The ideal fracture fixation device would be able to withstand the physiologic loads of postoperative rehabilitation. Typically, to stand in single-leg stance would axially load the femur with 750 N; however, walking or other activities of daily living would generate three to seven times that load.

Tencer and colleagues14 compared seven devices in a cadaveric subtrochanteric fracture model tested in axial loading and found that the plate devices (compression hip screw and AO angled blade plate) failed between 1100 and 1500 N compared with a locked nail at 3000 N.

In a cadaveric study by Haynes and coworkers,15 the short Gamma nail (GN) was tested against the dynamic hip screw (DHS) in an osteotomized proximal femur simulating a subtrochanteric fracture with intertrochanteric extension. The authors found that in the harder bone model, the GN had a failure load of 5761 N versus the DHS with a failure load of 4660 N in axial loading. In the soft bone model, the failure loads were 5725 N for the GN and 3225 N for the DHS. The modes of failure were fractures of the femoral shaft around the distal locking screws for the GN, and lateral plate and screw pullout with the DHS.

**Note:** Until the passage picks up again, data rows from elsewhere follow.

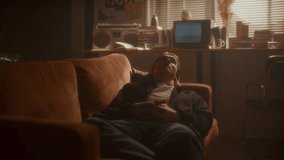 Young pensive man resting on sofa in cozy living room filled with soft golden sunlight, with books, vintage analog TV and boombox in background. Zoom shot - Powered by Shutterstock - Get 15% off with code: PIKWIZARD15
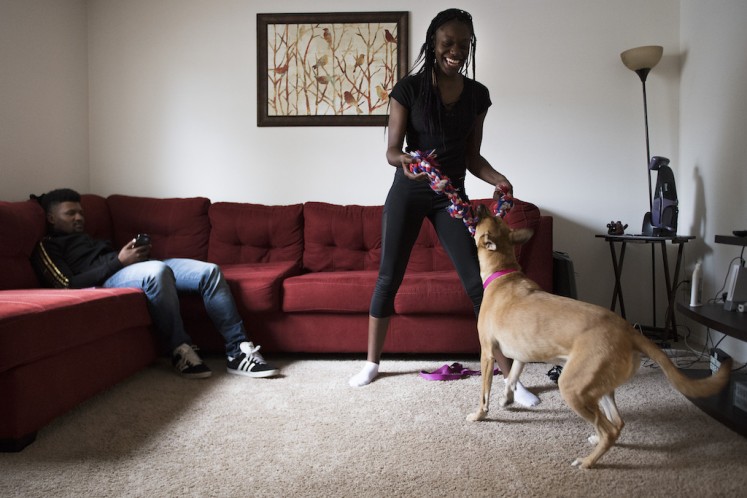Professional wrestler Gia Scott (R) plays with her boyfriend and professional wrestler Deion Epps'(L) dog as he plays on his smartphone at their home in Severn, Maryland, on October 26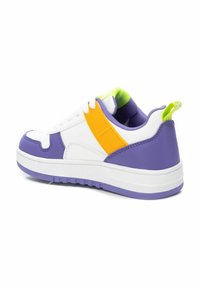 Zapatilla blanca con acentos morados, cinta lateral naranja y cuello verde. Presenta una superficie texturizada y una suela de goma resistente.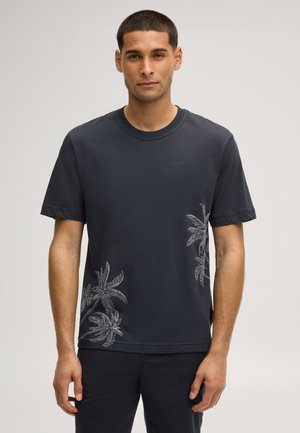 Man wearing a black short-sleeve t-shirt with subtle palm tree prints on the lower front and black pants, standing against a plain background.
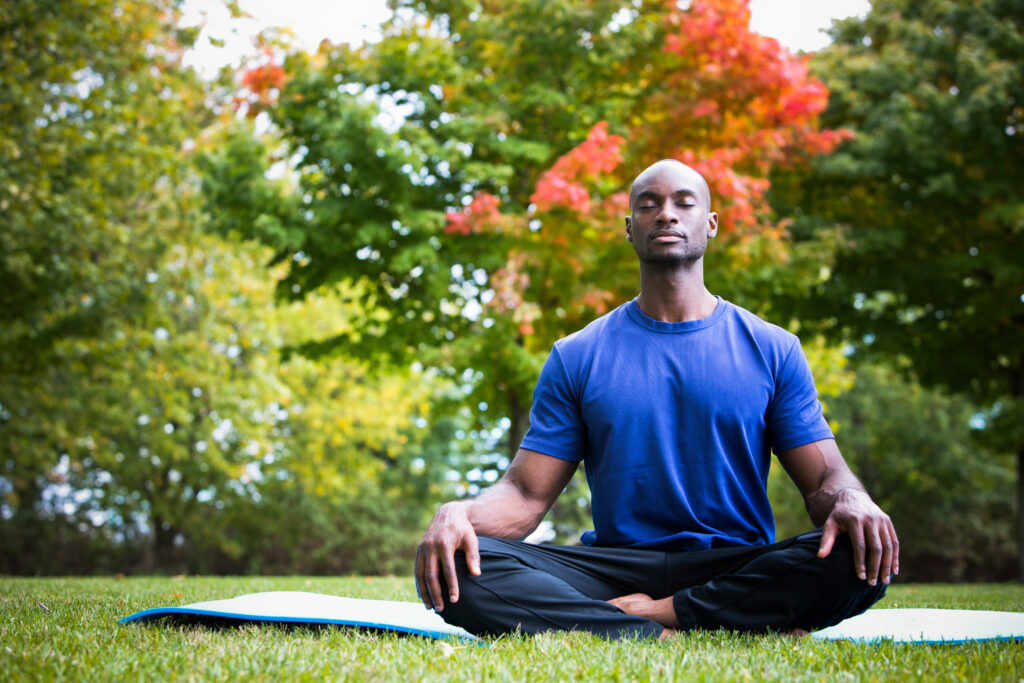 ypung man sitting outside in nature developing self awareness while in seated meditation.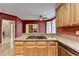 Kitchen with wooden cabinets, cooktop, granite counters and view to rooms beyond at 1885 Milfield Cir, Snellville, GA 30078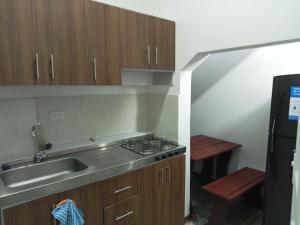 Kuchyň nebo kuchyňský kout v ubytování Hermosas habitaciones super ubicadas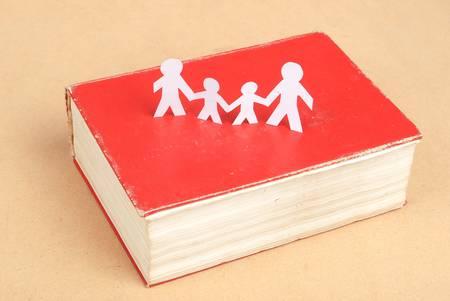 Paper man and dictionaryの写真素材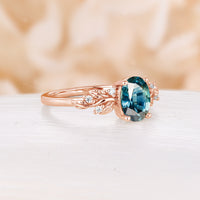 Nature Inspired Oval Cut Teal Sapphire Engagement Ring Leaf Design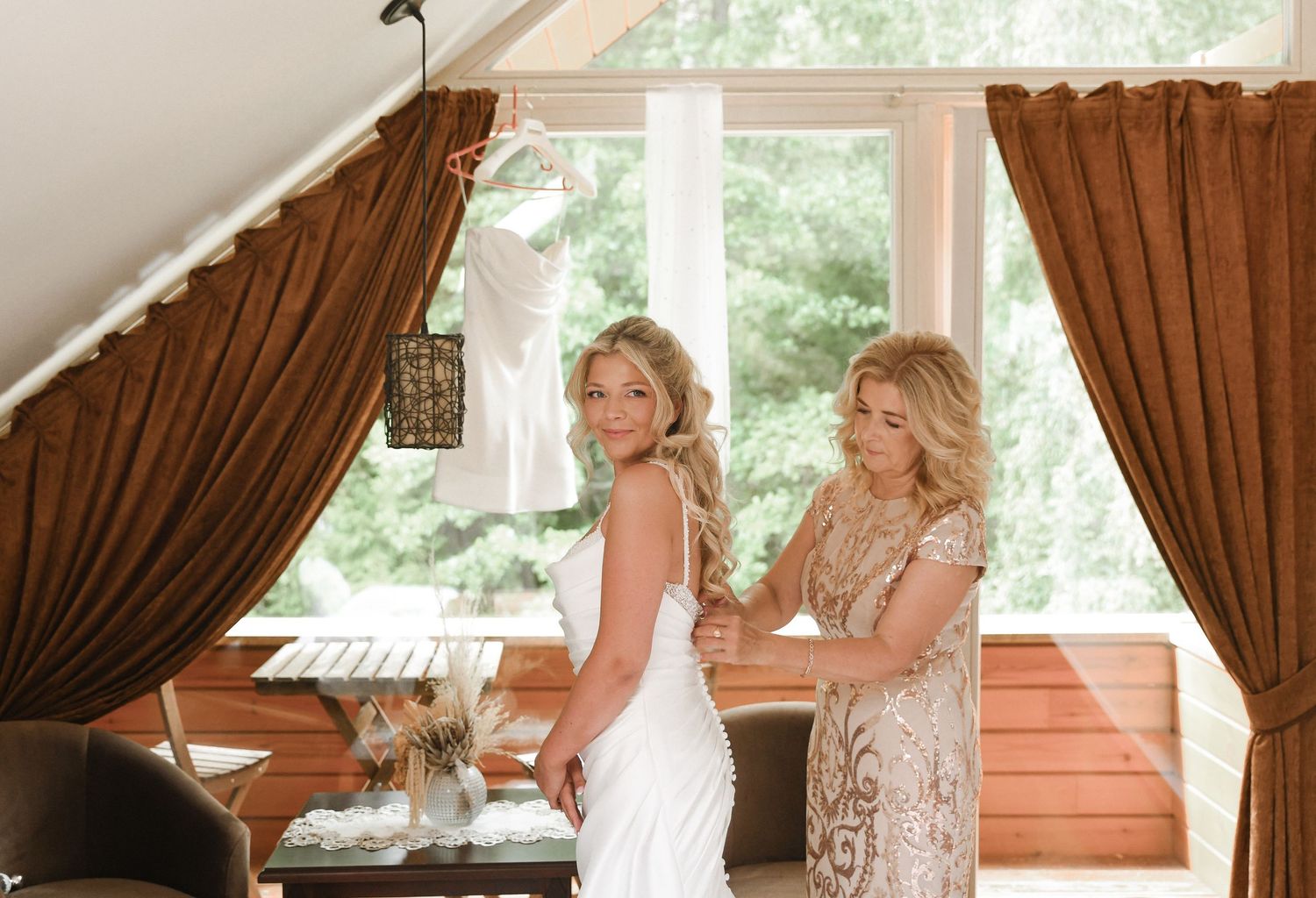A bride and her companion share a special moment in a room with brown curtains and natural lighting.
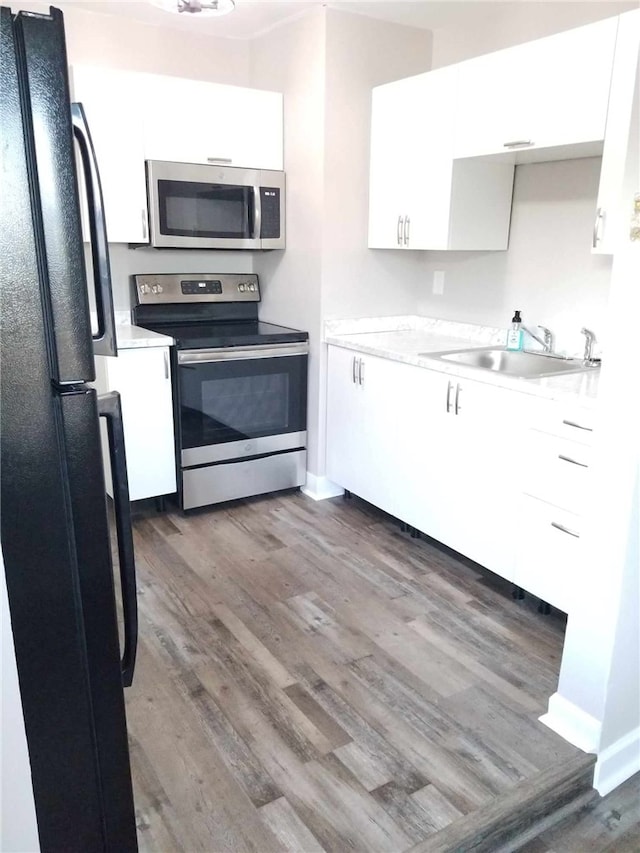 kitchen featuring stainless steel appliances, dark hardwood / wood-style flooring, white cabinets, and sink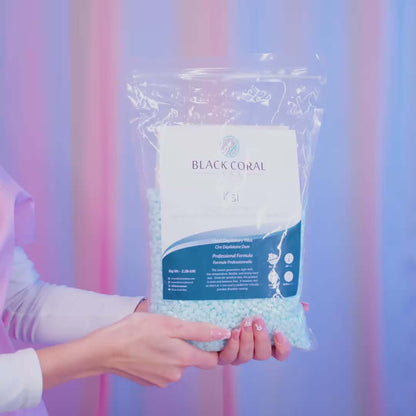 Bag of Black Coral Wax USA Kai Hard Wax beads in vibrant turquoise tones, shown in detail with the product packaging and logo clearly visible.
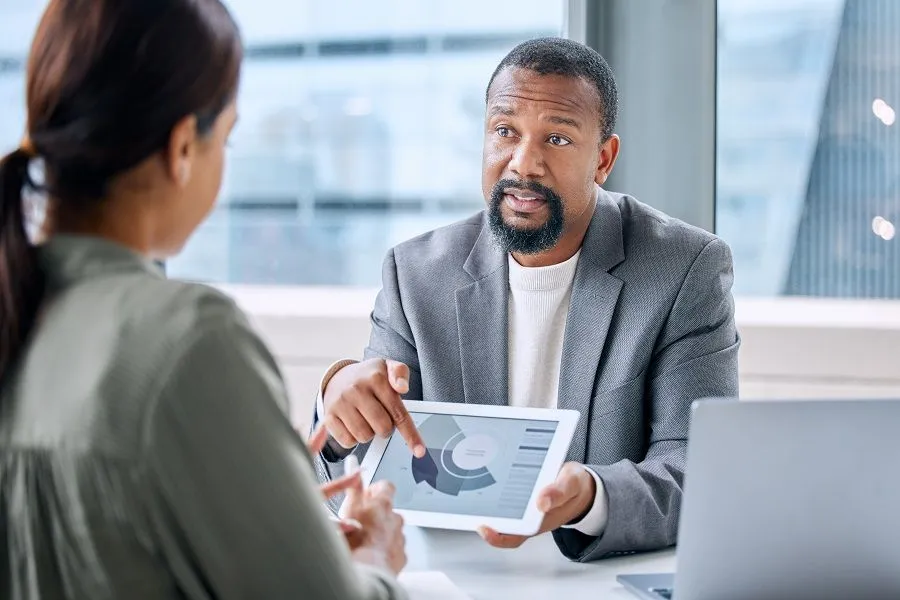 A business professional discussing marketing research data on a tablet with a client.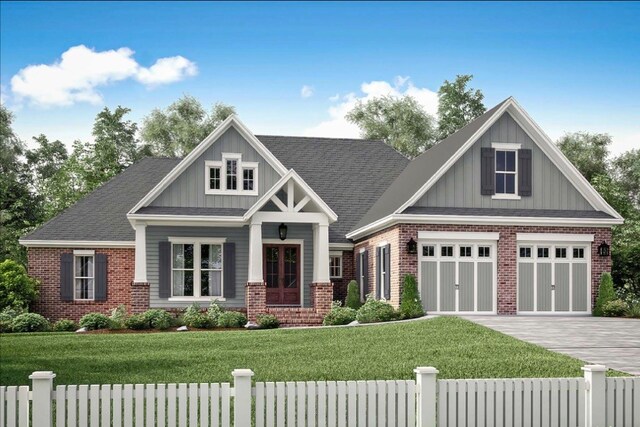 craftsman-style house with a front yard and a garage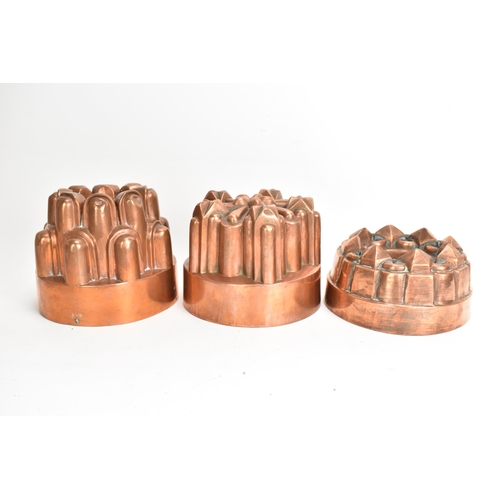 104 - Three 19th century copper jelly moulds, each of castellated form on stepped bases with impressed mar...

It can be concluded from these and other similar studies that intramedullary devices are able to withstand greater axial loads than plate devices in unstable subtrochanteric fractures with medial comminution. The effect of nonaxial muscular forces on the fragments and construct stiffness may be a factor in the development of a delayed union or nonunion; however, the differences between implants in this regard have not been adequately reported in the literature.